Работа над «Опытами или наставлениями нравственными и политическими» сопровождала его всю жизнь. С них началась известность Бэкона как писателя. «Опыты» оставались самыми популярными из его сочинений, «надо полагать, потому, что они ближе всего к практическим делам и чувствам людей» (5, 2, стр. 351), да и сам он считал их одним из лучших плодов своего творчества. Сравнивая между собой три английских издания, вышедших за период более чем четверти века, мы видим, как с ростом жизненного, делового, политического опыта их автора росло число эссе, разнообразилось и обогащалось их содержание. Кажется, все, что впитал в себя его внимательный аналитический ум, что продумал и прочувствовал Бэкон — человек и мыслитель, неудавшийся придворный и королевский поверенный, лорд-верховный канцлер Англии и снова оказавшийся не у дел павший сановник, — все воплотилось в этом самом непринужденном и искреннем его произведении.

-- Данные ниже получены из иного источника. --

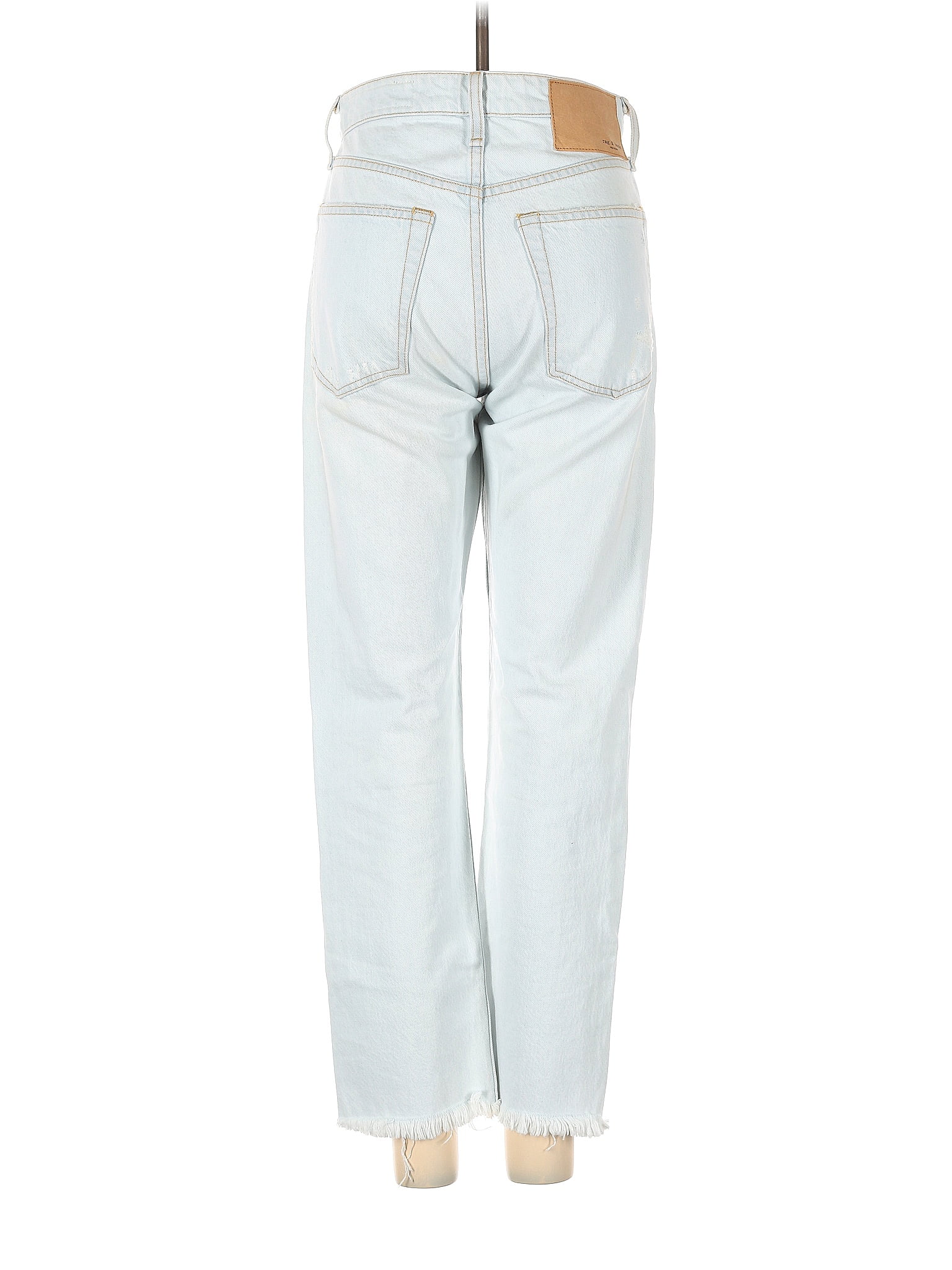 Rag & Bone 100% Cotton Solid Blue Sweatpants Size L - 83% off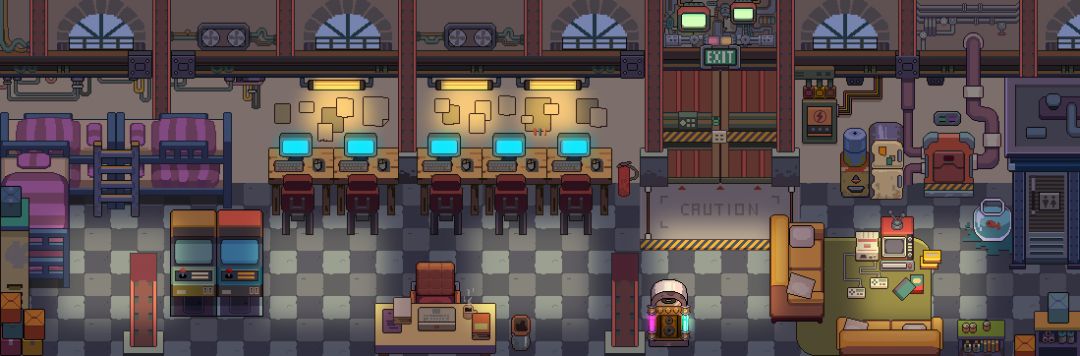 电竞经理人游戏截图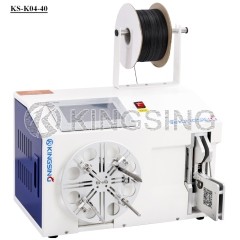Winding and Bundling Machine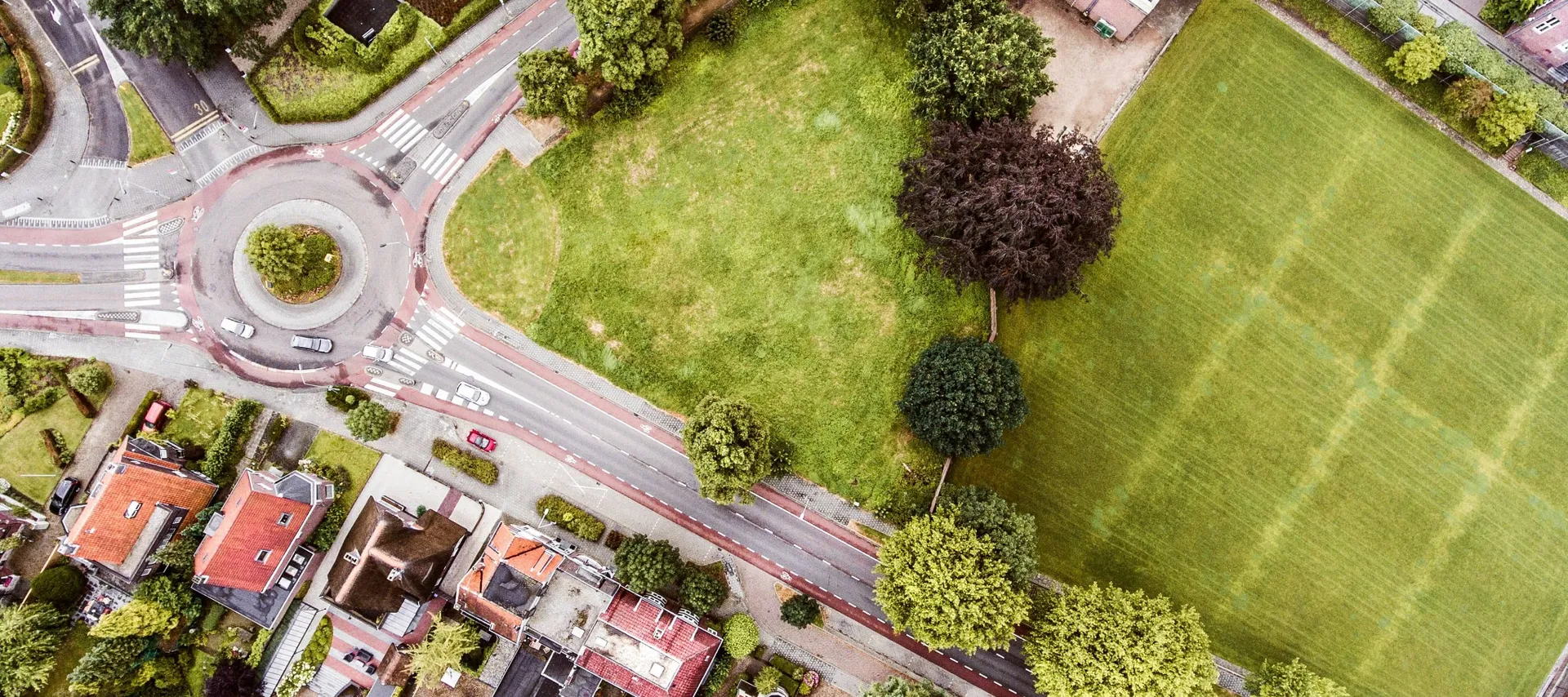 cityscape construction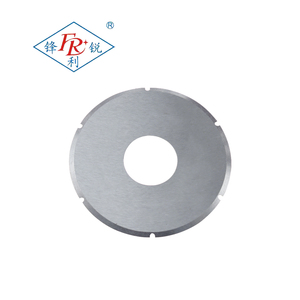 Custom 80 * 13 * 1.5mm Electric Slicer <strong>Blade</strong> Sharp Wear-resistant Circular <strong>Cutting</strong> <strong>Blade</strong> <strong>Cutting</strong> Circular <strong>Blade</strong> - Product Image 6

Первое издание «Опытов» появилось в Лондоне в 1597 году в одном томике с «Религиозными размышлениями» и «Фигурами убеждения и разубеждения». Оно содержало всего десять эссе: «О занятиях науками», «О беседе», «О манерах и приличиях», «О приближенных и друзьях», «О просителях», «О расходах», «О поддержании здоровья», «О почестях и славе», «О партиях», «О переговорах». «Я поступаю ныне подобно тем владельцам садов, которые, имея плохих соседей, собирают плоды прежде чем они созреют, опасаясь, чтобы их не разворовали, — писал Бэкон, посвящая „Опыты“ своему брату Антони… — они будут подобны новым полупенсовым монетам: серебро в них полноценно, но монеты очень уж мелки» (5, 2, стр. 349). Он не напрасно скромничал. Композиция издания была весьма аморфной. Это свободное сочетание расположенных еще совершенно случайно наблюдений и рассуждений, не связанных между собой какой-либо узловой темой.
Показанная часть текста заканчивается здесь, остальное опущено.